It is thought that the email sent between the health officials was about a Sunday Times article in May which criticised the delays in announcing a lockdown in March.
It was not until March 23 that the Prime Minister announced a nationwide lockdown.
A Government spokesperson said: “As recorded in the Sage minutes there was no disagreement on the substance of the scientific advice to ministers.
“This is a new virus and at every stage we have been guided by the advice of world-renowned scientists. There was no delay to lockdown. Sage advised on March 16 that further measures should be introduced as soon as possible.
“Our response ensured the NHS was not overwhelmed even at the virus’s peak, so that everyone was always able to get the best possible care.”
According to an investigation by the Sunday Times’s Insight team, Boris Johnson’s delay in imposing measures saw cases rise from 200,000 on March 14 to 1.5 million on March 23 as the Government deliberated on the timing and scale of the lockdown.
The study used backward modelling to calculate that the rate of infection was doubling every three days on March 14 – the date it is believed the Government first agreed that lockdown measures would be necessary to curb the virus’s spread.
Many of the drivers who died with Covid-19 had underlying health conditions and it is likely the frontline nature of their jobs added to their greater risk of death, the review by the UCL Institute of Health Equity found.
Figures show London bus drivers aged 20-64 had a mortality rate that was 3.5 times higher than men of the same age in all occupations in England and Wales from March to May.
It comes after ministers called for greater Parliamentary scrutiny over powers brought in to deal with the coronavirus outbreak.

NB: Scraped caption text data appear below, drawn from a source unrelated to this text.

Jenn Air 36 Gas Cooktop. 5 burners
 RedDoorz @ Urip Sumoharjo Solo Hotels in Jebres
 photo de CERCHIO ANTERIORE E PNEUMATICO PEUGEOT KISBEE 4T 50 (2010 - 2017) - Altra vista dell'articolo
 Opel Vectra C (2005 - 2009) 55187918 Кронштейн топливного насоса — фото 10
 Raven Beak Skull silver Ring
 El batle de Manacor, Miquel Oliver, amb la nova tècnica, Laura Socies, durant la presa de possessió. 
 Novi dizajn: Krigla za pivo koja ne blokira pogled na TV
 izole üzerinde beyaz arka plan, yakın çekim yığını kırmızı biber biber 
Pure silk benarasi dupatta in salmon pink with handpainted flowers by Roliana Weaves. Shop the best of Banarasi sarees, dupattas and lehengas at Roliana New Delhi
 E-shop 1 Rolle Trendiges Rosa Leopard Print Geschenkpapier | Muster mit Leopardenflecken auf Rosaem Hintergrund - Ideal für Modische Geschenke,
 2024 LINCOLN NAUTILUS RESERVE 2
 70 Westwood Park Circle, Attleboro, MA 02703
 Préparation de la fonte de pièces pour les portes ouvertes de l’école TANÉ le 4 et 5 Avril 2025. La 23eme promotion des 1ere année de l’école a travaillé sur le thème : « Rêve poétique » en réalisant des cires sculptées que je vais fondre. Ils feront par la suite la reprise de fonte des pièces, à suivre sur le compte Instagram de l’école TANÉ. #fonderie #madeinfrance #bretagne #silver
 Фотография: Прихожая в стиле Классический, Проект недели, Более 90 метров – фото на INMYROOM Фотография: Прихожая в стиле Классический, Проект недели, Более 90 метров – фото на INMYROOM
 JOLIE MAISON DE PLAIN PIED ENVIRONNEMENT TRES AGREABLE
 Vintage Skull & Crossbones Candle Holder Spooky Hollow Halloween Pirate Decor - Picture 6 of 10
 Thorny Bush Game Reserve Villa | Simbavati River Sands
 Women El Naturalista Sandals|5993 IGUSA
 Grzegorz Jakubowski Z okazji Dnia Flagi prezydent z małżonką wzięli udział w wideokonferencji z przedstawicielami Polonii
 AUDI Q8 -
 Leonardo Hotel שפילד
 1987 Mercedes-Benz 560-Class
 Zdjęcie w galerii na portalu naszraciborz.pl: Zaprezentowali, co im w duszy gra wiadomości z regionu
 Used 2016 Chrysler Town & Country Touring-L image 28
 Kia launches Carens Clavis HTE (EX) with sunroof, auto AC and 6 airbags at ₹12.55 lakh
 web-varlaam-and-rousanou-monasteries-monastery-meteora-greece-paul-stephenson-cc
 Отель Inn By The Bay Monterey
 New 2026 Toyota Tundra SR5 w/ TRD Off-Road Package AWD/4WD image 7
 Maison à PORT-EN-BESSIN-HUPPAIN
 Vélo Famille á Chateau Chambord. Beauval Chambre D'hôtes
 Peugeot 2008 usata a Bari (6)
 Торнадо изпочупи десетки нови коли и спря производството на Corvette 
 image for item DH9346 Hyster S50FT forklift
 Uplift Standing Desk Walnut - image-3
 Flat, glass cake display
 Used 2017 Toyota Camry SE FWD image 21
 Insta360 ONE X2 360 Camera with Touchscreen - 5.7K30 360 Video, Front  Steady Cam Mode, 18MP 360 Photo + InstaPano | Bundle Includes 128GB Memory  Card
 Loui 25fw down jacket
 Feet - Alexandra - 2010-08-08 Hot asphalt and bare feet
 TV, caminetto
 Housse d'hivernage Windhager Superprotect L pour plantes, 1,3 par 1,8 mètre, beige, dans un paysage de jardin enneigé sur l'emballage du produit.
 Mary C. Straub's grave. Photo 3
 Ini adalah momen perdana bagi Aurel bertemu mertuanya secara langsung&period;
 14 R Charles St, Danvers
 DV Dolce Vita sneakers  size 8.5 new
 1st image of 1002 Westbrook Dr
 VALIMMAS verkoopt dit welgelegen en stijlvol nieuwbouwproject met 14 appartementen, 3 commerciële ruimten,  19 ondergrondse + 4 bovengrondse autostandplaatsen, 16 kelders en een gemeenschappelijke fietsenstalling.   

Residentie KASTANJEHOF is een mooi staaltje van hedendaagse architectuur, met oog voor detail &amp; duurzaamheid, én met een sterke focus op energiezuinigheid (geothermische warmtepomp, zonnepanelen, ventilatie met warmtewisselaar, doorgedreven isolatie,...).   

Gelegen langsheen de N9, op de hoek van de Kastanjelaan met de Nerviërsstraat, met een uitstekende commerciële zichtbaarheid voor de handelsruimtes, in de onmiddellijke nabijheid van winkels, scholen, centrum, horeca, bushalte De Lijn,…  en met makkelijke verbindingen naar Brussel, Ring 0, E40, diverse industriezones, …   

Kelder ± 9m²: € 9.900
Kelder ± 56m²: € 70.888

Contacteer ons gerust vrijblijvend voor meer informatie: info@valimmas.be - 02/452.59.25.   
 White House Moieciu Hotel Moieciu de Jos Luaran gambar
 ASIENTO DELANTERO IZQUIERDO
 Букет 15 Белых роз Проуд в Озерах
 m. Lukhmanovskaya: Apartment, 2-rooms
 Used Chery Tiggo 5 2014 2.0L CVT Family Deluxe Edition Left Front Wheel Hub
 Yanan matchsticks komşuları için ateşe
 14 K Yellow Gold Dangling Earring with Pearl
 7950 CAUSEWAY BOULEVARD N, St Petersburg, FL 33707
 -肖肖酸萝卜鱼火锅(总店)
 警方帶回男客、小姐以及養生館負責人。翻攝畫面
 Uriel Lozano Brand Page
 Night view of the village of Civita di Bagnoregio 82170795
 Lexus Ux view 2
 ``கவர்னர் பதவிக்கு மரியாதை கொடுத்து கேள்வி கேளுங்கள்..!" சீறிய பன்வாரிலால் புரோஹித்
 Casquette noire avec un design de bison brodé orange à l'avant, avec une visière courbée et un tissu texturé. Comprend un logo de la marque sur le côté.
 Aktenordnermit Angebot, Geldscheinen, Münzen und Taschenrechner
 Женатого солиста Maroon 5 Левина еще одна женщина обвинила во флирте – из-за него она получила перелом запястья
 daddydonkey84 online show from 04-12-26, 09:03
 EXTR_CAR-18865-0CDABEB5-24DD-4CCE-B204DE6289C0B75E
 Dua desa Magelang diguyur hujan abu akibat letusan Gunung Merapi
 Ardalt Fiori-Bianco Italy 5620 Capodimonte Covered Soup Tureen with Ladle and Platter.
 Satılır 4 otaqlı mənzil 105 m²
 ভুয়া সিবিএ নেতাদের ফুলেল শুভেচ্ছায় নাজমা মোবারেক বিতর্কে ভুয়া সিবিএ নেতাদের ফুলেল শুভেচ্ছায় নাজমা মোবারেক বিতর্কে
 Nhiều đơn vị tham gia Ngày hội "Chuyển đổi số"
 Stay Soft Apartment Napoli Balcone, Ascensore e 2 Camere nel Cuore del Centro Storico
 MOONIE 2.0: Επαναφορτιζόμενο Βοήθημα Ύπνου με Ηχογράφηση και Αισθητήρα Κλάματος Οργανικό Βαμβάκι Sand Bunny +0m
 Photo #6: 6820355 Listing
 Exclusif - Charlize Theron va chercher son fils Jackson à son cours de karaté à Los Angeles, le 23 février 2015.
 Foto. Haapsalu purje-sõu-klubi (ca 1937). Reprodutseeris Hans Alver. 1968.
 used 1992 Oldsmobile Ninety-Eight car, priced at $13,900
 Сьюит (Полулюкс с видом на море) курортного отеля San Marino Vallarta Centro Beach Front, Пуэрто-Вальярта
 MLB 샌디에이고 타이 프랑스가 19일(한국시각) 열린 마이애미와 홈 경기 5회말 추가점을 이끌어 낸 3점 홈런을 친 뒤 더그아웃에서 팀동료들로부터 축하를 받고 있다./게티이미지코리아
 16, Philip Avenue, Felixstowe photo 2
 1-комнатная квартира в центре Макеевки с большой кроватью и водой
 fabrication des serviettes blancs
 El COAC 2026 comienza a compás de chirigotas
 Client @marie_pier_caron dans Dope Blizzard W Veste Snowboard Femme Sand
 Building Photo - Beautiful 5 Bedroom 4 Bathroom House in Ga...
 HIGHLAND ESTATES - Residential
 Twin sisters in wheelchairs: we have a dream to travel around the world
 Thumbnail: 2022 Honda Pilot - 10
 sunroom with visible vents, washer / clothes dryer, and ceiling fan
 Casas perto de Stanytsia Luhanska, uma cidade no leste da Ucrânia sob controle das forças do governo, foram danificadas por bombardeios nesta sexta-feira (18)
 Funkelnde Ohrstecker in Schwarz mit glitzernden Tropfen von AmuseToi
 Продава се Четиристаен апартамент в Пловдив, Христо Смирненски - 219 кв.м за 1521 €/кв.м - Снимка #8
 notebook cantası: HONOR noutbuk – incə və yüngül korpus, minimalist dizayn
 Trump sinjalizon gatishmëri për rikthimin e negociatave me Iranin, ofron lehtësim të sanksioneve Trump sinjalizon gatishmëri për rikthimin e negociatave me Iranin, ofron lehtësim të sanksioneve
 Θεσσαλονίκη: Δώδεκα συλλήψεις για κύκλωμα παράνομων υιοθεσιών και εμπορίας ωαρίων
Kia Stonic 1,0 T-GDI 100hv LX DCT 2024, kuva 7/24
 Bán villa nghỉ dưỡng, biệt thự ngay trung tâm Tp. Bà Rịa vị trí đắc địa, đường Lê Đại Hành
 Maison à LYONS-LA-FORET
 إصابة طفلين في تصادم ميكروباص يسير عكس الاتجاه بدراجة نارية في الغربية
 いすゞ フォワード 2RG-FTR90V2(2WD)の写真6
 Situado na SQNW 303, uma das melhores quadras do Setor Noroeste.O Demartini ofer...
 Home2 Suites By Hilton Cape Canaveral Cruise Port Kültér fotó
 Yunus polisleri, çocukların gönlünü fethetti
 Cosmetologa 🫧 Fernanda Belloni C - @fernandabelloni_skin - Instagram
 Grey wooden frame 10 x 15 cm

The Commons Public Administration and Constitutional Affairs Committee (PACAC) issued two reports regarding the handling of the pandemic last week.
Committee chairman William Wragg said: “It is understandable that policy will need to be developed and implemented at pace, but it must equally be subject to robust and timely scrutiny.
“In the first six months of the pandemic, this has not been the case and this must improve.
“As we reach the six-month review of the Coronavirus Act, the Government should also provide greater opportunity for MPs to debate and express a view on individual aspects of the national response, not simply the act as a whole. If we are to maintain public consent in the restrictions, the ability of MPs to publicly debate the benefits and risks is critical.
“With the right leadership and clearly defined aims, a public inquiry can play an important role in learning lessons and driving improvements in the UK’s Covid-19 response.
“It will be important to establish an inquiry that seeks to learn from the challenges of the pandemic and provide recommendations on how to improve the co-ordination and policy principles that cover critical aspects of how Covid-19 has effected the UK. It will also need to be streamlined enough to make conclusions quickly, while provision is made to cover wider issues in further pieces of work.”
The committee said the public inquiry should aim to start taking evidence at the beginning of 2021.